:: Entries provided

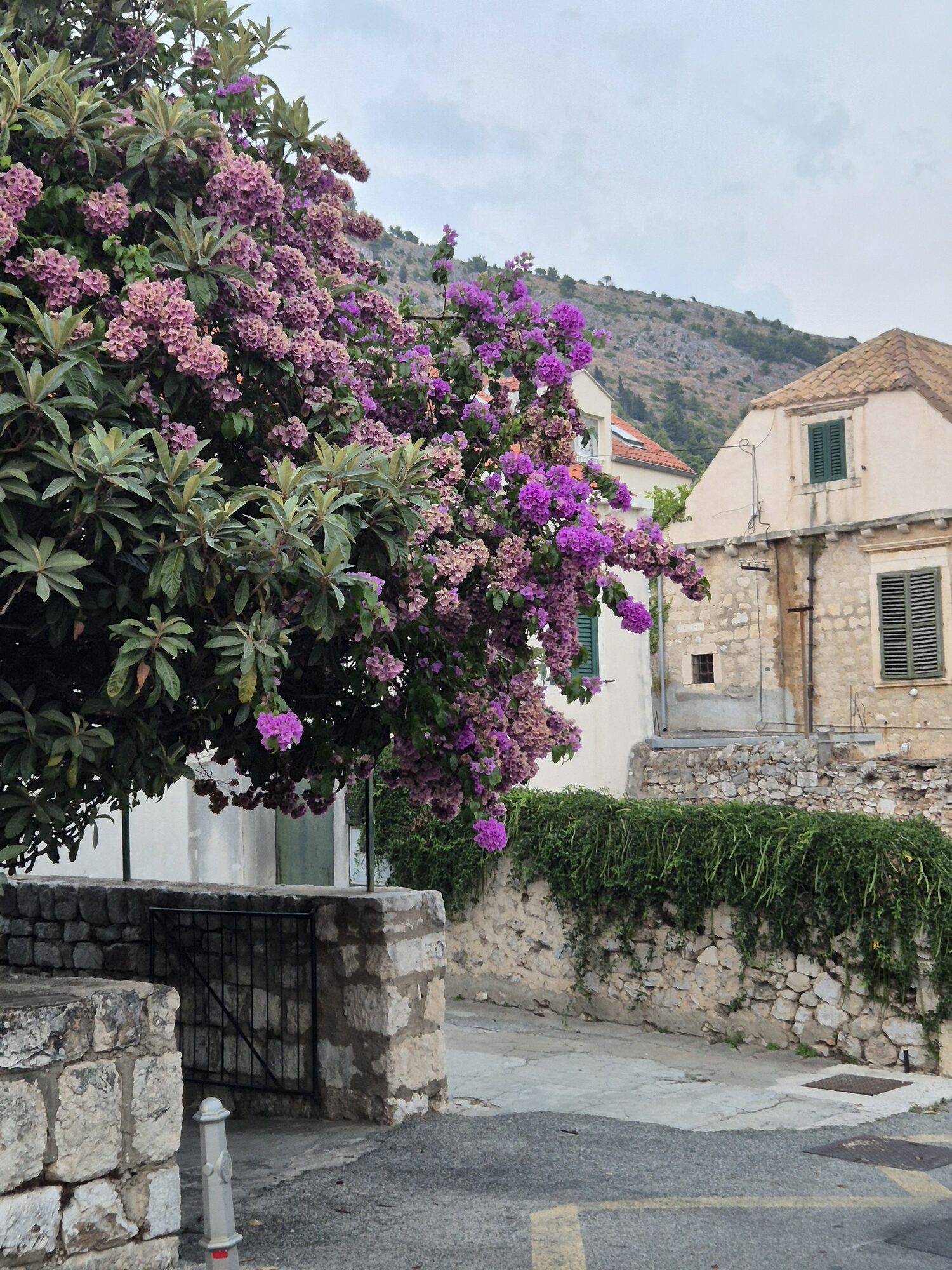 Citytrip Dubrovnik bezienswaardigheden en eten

::::
:: Entries provided

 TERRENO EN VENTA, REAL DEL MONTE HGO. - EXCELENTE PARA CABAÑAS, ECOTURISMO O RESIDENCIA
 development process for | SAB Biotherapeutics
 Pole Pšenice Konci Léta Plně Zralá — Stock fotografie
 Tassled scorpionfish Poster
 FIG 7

::::
:: Entries provided

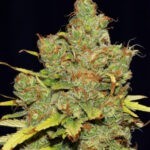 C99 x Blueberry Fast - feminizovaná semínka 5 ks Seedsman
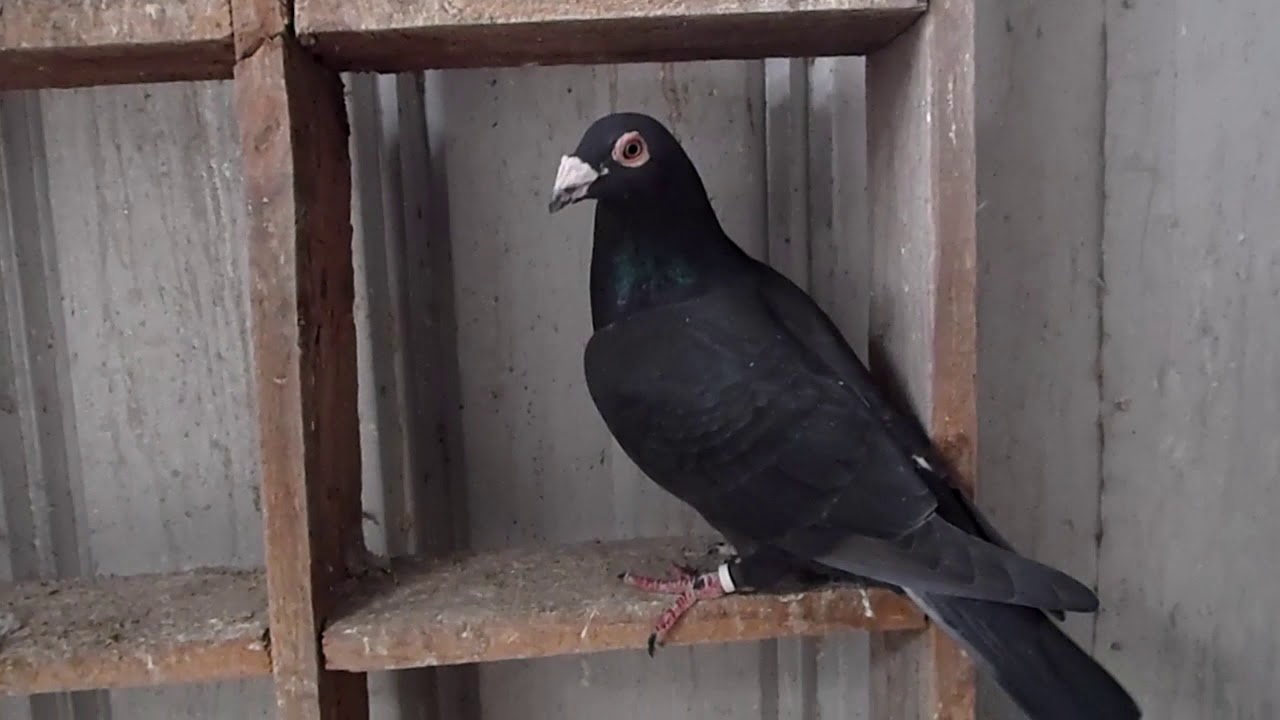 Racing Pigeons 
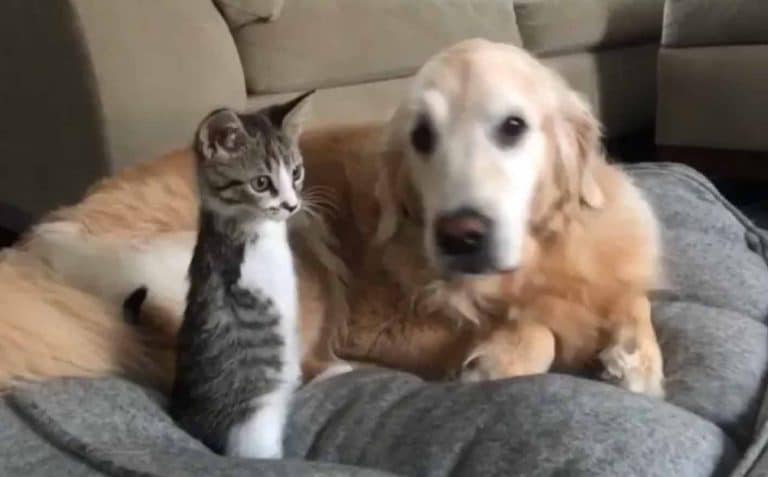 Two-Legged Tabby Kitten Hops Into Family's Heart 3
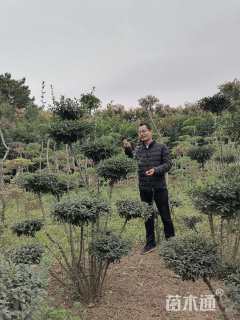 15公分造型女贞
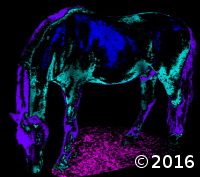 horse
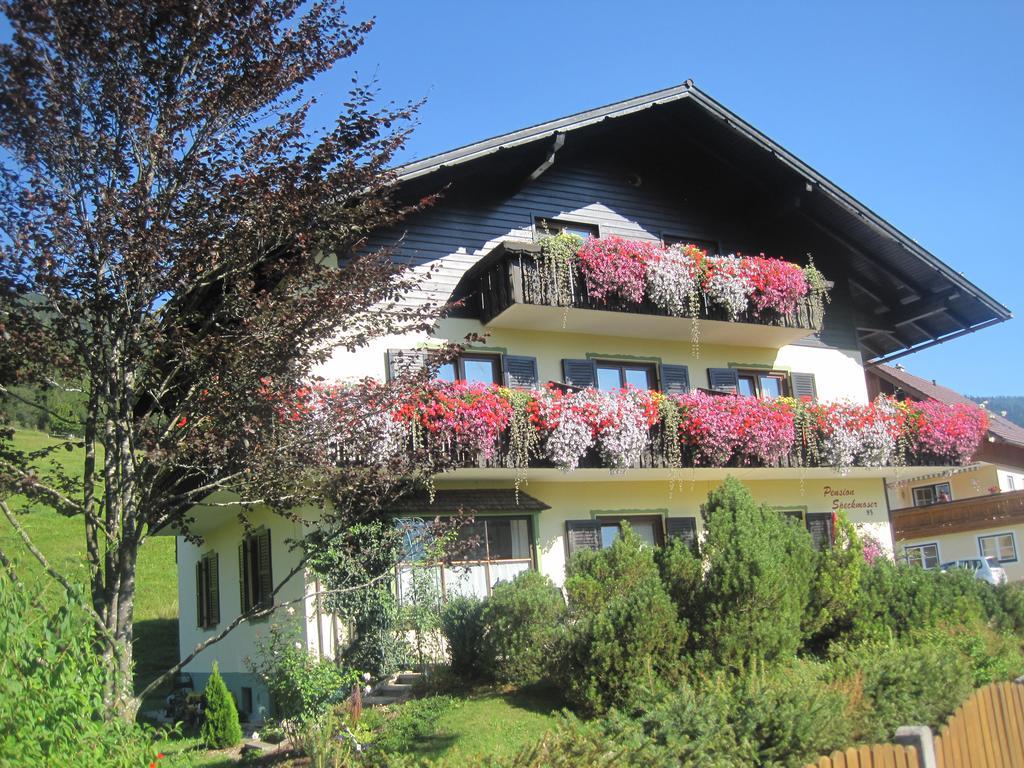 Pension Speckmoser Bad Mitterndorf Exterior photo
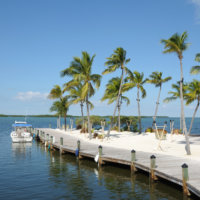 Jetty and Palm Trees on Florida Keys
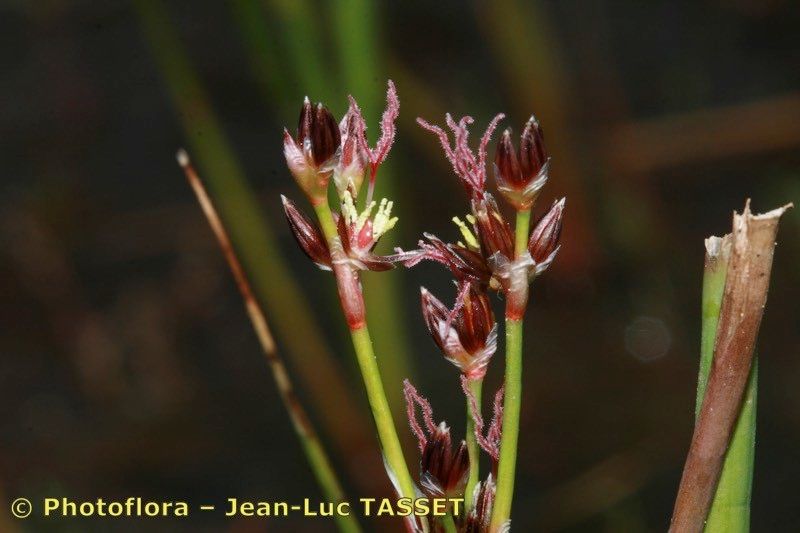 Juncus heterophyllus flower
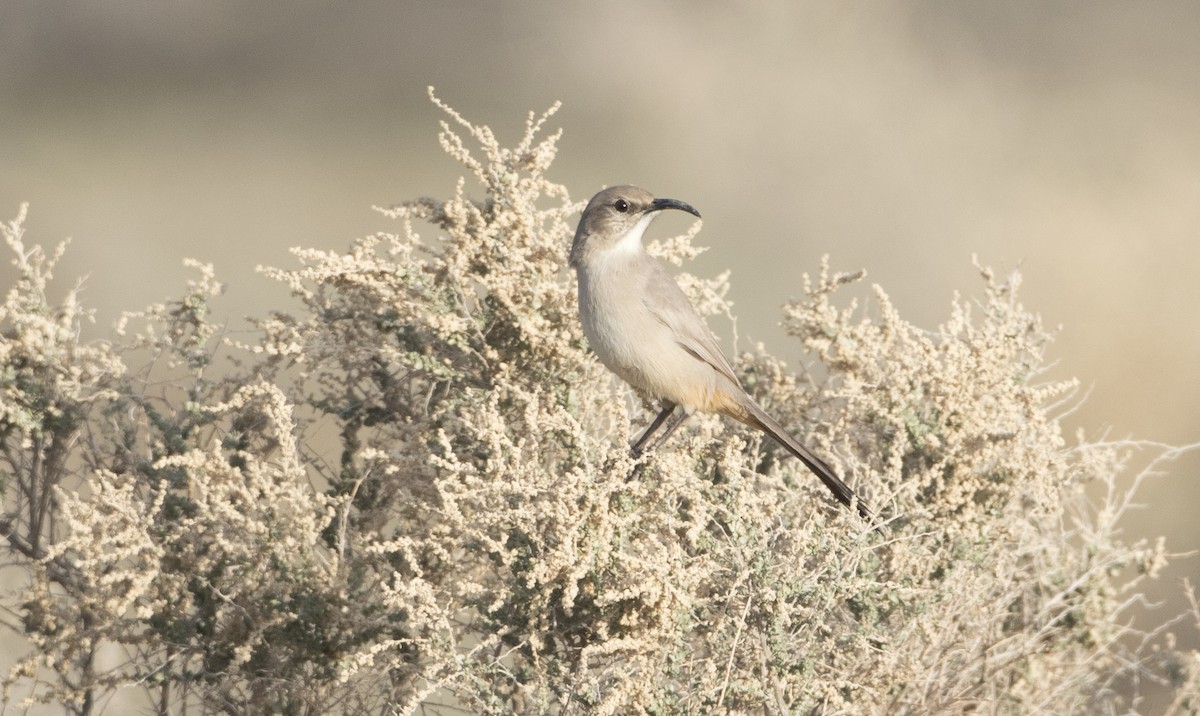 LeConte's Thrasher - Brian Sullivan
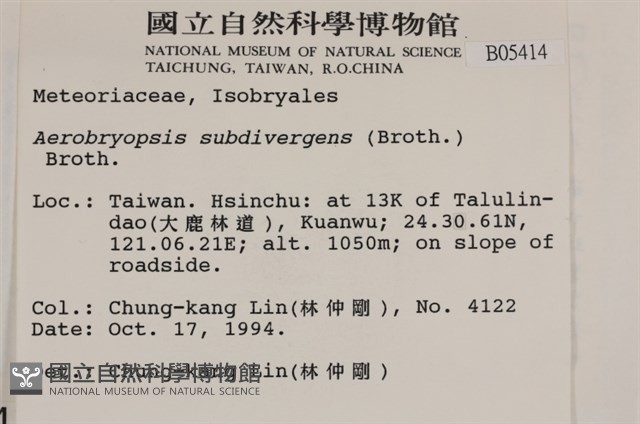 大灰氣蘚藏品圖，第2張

::::

Copy back exactly the lines above from the one containing "Jetty and Palm Trees on Florida Keys" through the one containing "大灰氣蘚藏品圖，第2張", and leave every picture behind.

● Answer below
 Jetty and Palm Trees on Florida Keys
 Juncus heterophyllus flower
 LeConte's Thrasher - Brian Sullivan
 大灰氣蘚藏品圖，第2張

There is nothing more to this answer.